When it rained, the cars couldn’t get out of the field.
Oh dear. It meant that we had to book in a Training Day and
tow the vehicles out of the field with the Scammell. For £2
a time.
I was always rather good at Clerical Work. That’s
always a bonus in the Army. So after I had trained as a Vehicle
Mechanic Class 3, Driver/Operator, Vehicle Mechanic Class 2,
Recovery Mechanic and Work Study Engineer (yes, really!), Tubby
Redstone asked if I would like to be his Clerk GD (REME). Wonderful!

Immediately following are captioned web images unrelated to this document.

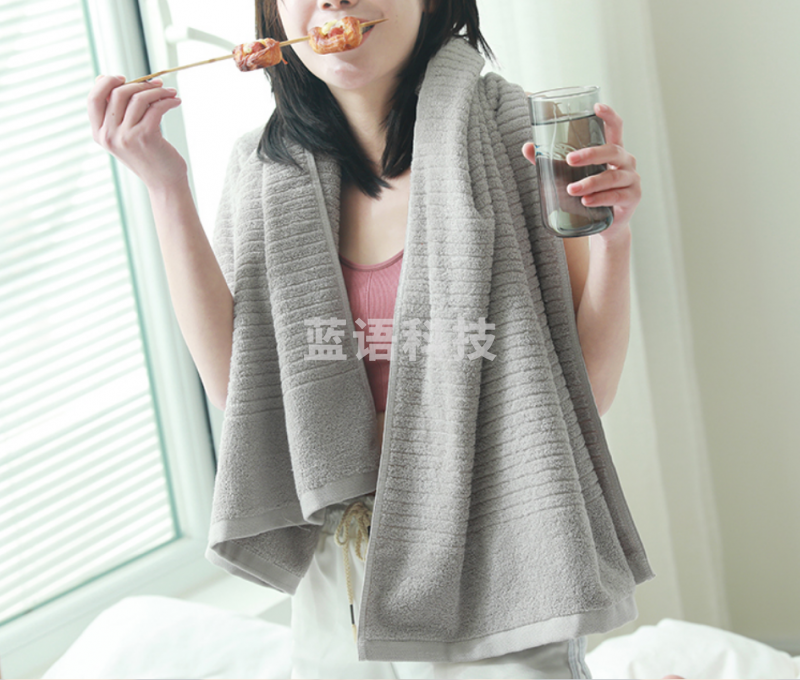 沐凡 纯棉浴巾 洗澡巾全棉加厚大毛巾 灰色70*140cm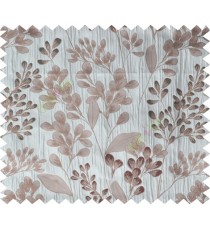 Grey brown green traditional floral design poly main curtain designs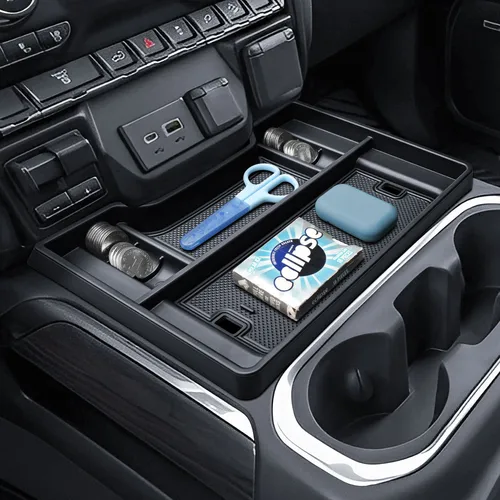Imagen 2 del producto Organizador de consola central frontal para consola completa Chevy Silverado/GMC Sierra 2019-2022 con solo asientos de cubo, bandeja de caja de almacenamiento media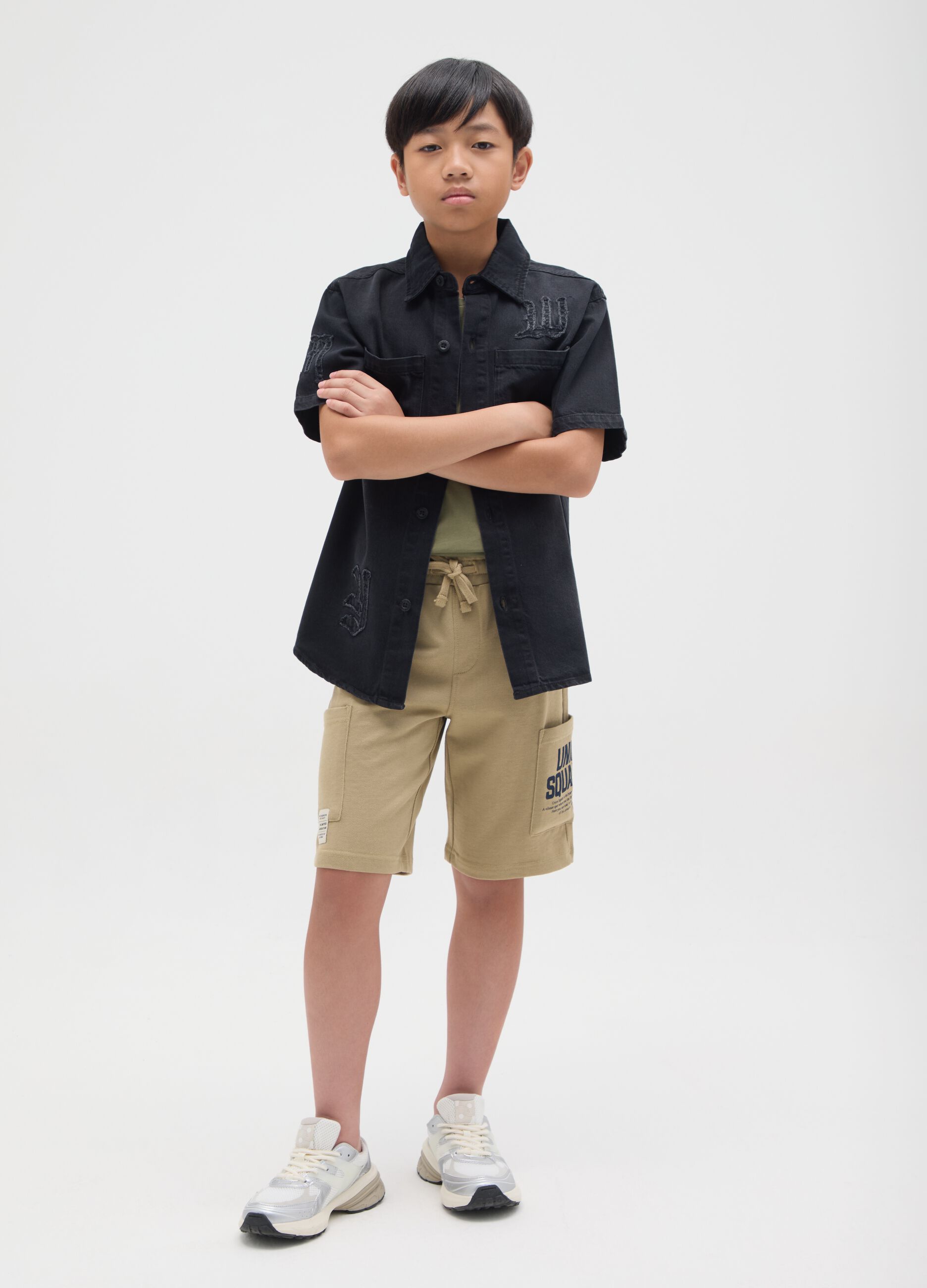 Regular beige shorts in pure cotton for OVS Kids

He promoted me to Lance Corporal, and I spent the rest of my
TA days sitting in the HQ Office running the paperwork.
Time passed, and very soon it got near to my being
called up for National Service – at which point I was
going to sign on as a Regular. That time never came. Because
of either my name or my date of birth, I was never called up.
So after a discussion with Tubby, I became a Regular REME soldier.
I was asked where I wanted to be posted, so put down Hong Kong,
Singapore or British Honduras , in that order.
I got posted to a small REME LAD in 43 (Wessex)
Division, at Norton Fitzwarren!
Tubby was over the moon about this, and said that because I
lived nearby, I could have a company car. This turned out to
be an Austin Champ. Seventy miles an hour in both directions.
What a life. I used to refuel with my own Work Ticket at Army
Camps and use it as a private car! Very flash!
Tubby had a caravan. He also had an old Rolls
Royce car. As part of our training, we had to go to Penhale
Camp (still there) in Cornwall, tip a Class 6 (worn out) Tank
over the cliff, wait two tides, then recover it with our Scammell.
By pure co-incidence, Perran Sands, just up the road, was where
Tubby’s caravan spent the Summer! Happy Days!
Tubby’s Rolls Royce; black, sleek, lovely.
It would tow the caravan at 40 miles an hour down the unmade-up
track to the Caravan Park at Perran Sands and absorb all the
bumps! As Clerk of course, I rode in that, rather than in one
of the 3 tonners!
There was a Nightclub we went to in Camborne.
Called the Flamingo. It was during a visit there with several
of my REME Comrades (who shall remain nameless because they
are still married) first saw “Rock and Roll” Dancing.
With girls in those wide bottomed dresses. And nothing on underneath!
Definitely heart attack stuff if it happened to me now! I seem
to remember that we spent hours there just drinking and watching.
Time came when I was due to be posted from Norton
Fitzwarren. They said Germany, but I didn’t fancy that,
so after a series of mishaps involving me trying to re-enlist
again at the Recruiting Office, getting a Colour Sergeant out
of trouble after REME HQ accused him of persuading me to transfer
(he didn’t; it was my idea), I joined the SCLI. Or rather,
I didn’t.
I was told I was going to join the Somerset and
Cornwall Light Infantry. But it didn’t actually exist
then. It was still two Regiments – The Somerset Light
Infantry, and the Duke of Cornwall’s Light Infantry.
I was given one week’s leave (why? I was
already a regular soldier), and a railway warrant to Bodmin.
I remember crossing the viaduct at St Germans.
In the fog. Railway carriage with no corridor. All alone, and
young. And thinking: “Vile, what the **** have you done
now?”
On arrival at Bodmin General, I was met with a
whole mob of about sixty National Servicemen, by a Corporal
from the DCLI. He marched us all up the hill to Victoria Barracks,
me, a REME Lance Corporal with my kitbag, and the others, civilians
with a variety of suitcases, at a speed that beggared belief,
and we disappeared through the gates, where I, and they, were
to start a new, but just as daft, life.